If you've got a fixed finite number of processors, you could schedule
the j loops to them. A first step could be to notice that if you do
in a thread both the j and (i-j) loops, then all threads will do the
same amount of work, so you can more easily schedule these n/2 threads
than the original n (=500).
So, with p processors, you could schedule:
/* pseudo-code */
const int n=500;
const int p=4;
double pots[p];
int complete;
double compute_single_pot(i){
double pot=0;
for( j=0; j<i-1; j++ ) {
distx = pow( (k[0][j] - k[0][i]), 2 );
disty = pow( (k[1][j] - k[1][i]), 2 );
distz = pow( (k[2][j] - k[2][i]), 2 );
dist = sqrt( distx + disty + distz );
pot += 1.0 / dist;
}
return(pot);
}
void compute_quarter_pot(int quarter){
for(i=quater;i<n/2;i+=p){
pots[quater]+=compute_single_pot(i)+compute_single_pot(n-1-i);
}
with_mutex(complete++);
}
double compute_pot(void){
complete=0;
for(k=0;k<p;k++){
fork_thread(compute_quarter_pot(k));
}
wait_for(complete==p);
double pot=0;
for(k=0;k<p;k++){
pot+=pots[k];
}
return(pot);
}
You need to watch again sw4.
--
__Pascal Bourguignon__ http://www.informatimago.com/
Un chat errant
se soulage
dans le jardin d'hiver
Shiki
- Posted by pablo reda on December 11th, 2006
You can optimize the pow function , the sqrt function and de division.
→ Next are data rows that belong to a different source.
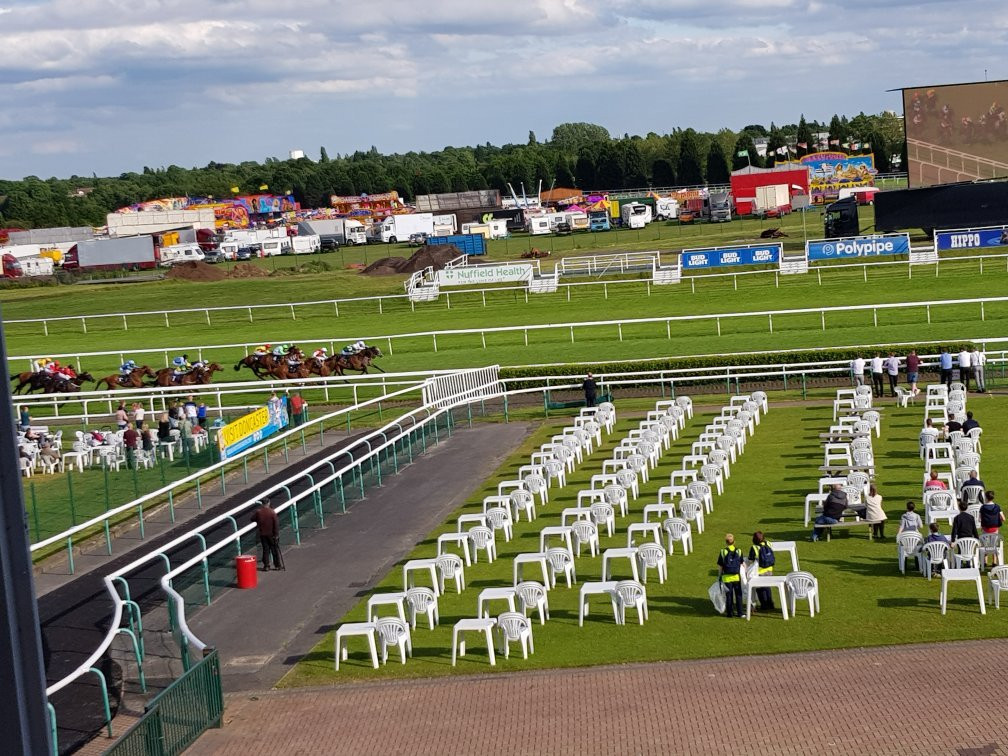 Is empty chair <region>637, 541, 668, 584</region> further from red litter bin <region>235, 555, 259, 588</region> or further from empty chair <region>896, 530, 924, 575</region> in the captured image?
red litter bin <region>235, 555, 259, 588</region>

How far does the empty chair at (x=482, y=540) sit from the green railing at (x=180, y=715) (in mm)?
5012

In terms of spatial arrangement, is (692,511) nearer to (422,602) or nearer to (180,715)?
(422,602)

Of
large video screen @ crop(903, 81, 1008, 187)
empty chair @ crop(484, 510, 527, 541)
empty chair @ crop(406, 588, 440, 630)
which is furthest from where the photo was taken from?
large video screen @ crop(903, 81, 1008, 187)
converto to fixed point number sure more speed, or integer for best.
I'm think...thread is not a good idea
realtime 3d graphics has good web pages !!
sure you usefull.
Godd Luck, Pablo.
- Posted by Arthur J. O'Dwyer on December 11th, 2006
On Mon, 11 Dec 2006, kenneth wrote:
Pascal's given you a very detailed answer (although I haven't tried
to understand the second half of it, so I won't vouch for its total
accuracy). However, if you really just care about efficiency, the first
things to look at are:
* You use 'pow' instead of simply multiplying two numbers. That is
slow and stupid.
* Your inner loop seems to have an off-by-one bug. Keep in mind the
Zeroth Rule of Optimization: Do it correctly, /then/ do it fast.
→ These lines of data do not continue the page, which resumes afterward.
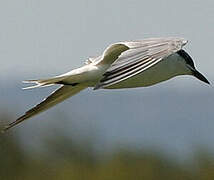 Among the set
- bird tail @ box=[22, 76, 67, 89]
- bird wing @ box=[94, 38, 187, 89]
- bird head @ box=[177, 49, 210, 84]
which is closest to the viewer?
bird wing @ box=[94, 38, 187, 89]

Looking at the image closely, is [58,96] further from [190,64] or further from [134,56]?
[134,56]

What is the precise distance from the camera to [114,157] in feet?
79.0

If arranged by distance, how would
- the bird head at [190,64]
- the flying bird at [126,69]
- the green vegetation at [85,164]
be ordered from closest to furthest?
1. the flying bird at [126,69]
2. the bird head at [190,64]
3. the green vegetation at [85,164]

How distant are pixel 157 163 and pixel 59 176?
2827 mm

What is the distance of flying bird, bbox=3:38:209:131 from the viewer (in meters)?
8.38

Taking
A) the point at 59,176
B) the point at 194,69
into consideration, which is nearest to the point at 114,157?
the point at 59,176

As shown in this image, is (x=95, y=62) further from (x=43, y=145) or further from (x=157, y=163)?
(x=43, y=145)

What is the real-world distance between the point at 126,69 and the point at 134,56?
0.34 m

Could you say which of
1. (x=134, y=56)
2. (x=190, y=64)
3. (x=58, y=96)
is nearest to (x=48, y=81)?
(x=58, y=96)

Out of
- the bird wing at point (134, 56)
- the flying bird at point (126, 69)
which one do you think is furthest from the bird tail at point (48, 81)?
the bird wing at point (134, 56)

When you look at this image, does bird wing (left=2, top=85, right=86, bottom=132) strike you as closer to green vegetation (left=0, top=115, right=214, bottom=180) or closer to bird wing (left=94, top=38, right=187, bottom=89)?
bird wing (left=94, top=38, right=187, bottom=89)

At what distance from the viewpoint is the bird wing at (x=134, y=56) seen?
824cm

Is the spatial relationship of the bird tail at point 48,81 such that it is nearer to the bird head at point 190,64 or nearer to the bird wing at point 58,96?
the bird wing at point 58,96

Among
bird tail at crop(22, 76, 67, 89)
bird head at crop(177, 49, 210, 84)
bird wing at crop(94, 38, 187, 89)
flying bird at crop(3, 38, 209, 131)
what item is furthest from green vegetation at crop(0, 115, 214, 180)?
bird wing at crop(94, 38, 187, 89) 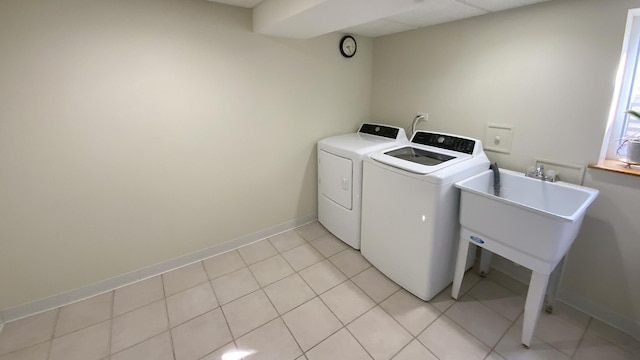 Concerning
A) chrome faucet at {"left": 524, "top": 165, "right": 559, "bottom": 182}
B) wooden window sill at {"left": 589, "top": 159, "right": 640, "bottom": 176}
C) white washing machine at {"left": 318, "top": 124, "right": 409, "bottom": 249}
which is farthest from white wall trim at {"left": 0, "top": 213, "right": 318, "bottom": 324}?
wooden window sill at {"left": 589, "top": 159, "right": 640, "bottom": 176}

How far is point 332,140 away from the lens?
2.71m

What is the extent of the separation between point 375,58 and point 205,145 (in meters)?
1.98

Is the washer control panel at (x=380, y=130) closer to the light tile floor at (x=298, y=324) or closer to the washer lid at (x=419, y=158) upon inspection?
the washer lid at (x=419, y=158)

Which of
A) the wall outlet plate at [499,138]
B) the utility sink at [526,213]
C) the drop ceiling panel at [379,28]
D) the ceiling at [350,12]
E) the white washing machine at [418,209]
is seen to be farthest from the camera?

(Or, as I've seen it stated somewhere before but can't recall where,
"I'd rather be right than dead.")
* You use 'sqrt' plus a division rather than just using 'pow', which
might actually be a good thing if you have a funny math library, but
I'd expect to see an explanatory comment if that were the case. More
likely, you were so burned out after pounding that nail in with a
wrench, you didn't notice you were trying to drive a screw with a
hammer.
-Arthur
- Posted by dcorbit@connx.com on December 12th, 2006
Maybe something like this:
#include <math.h>
double computePot(const double k[3][500])
{
int i,
j;
double distx,
disty,
distz,
dist,
pot = 0;
for (i = 0; i < 500; i++) {
for (j = 0; j < i - 1; j++) {
double diff;
diff = (k[0][j] - k[0][i]);
distx = diff * diff;
diff = (k[1][j] - k[1][i]);
disty = diff * diff;
diff = (k[2][j] - k[2][i]);
distz = diff * diff;
dist = sqrt(distx + disty + distz);
pot += 1.0 / dist;
}
}
return pot;
}
- Posted by tugboat90 on December 12th, 2006
First you can simplify your array access. This by itself should
drastically improve your code. Especially if you are trying to access
different parts of the array, the processor will have to keep moving
different parts of a very large array in and out of memory. (Less calls
to random parts of large arrays = faster program)
for (i = 0; i<500; i++) {
int k0 = k[0][i];
int k1 = k[1][i];
int k2 = k[2][i];
for (j = 0; j < i-1; j++).... // What happens when i == 0? You can't
access k[1][-1]...
Also, get rid of the 'pow ()' function. Since you are just raising
squaring the value, use simple multiplication to help you. Function
calls are horribly expensive and if you don't need them, don't use
them.
distx = k[0][j] - k0; // using my code from above
distx *= distx;
You can get rid of your 'sqrt ()' call and following division and
replace it with "pow ( (x+y+z), -0.5)" which is the mathmatical
equilivant. (Assuming 'pow ()' will let you take -0.5 as a parameter,
if it doesn't then stick with what you have)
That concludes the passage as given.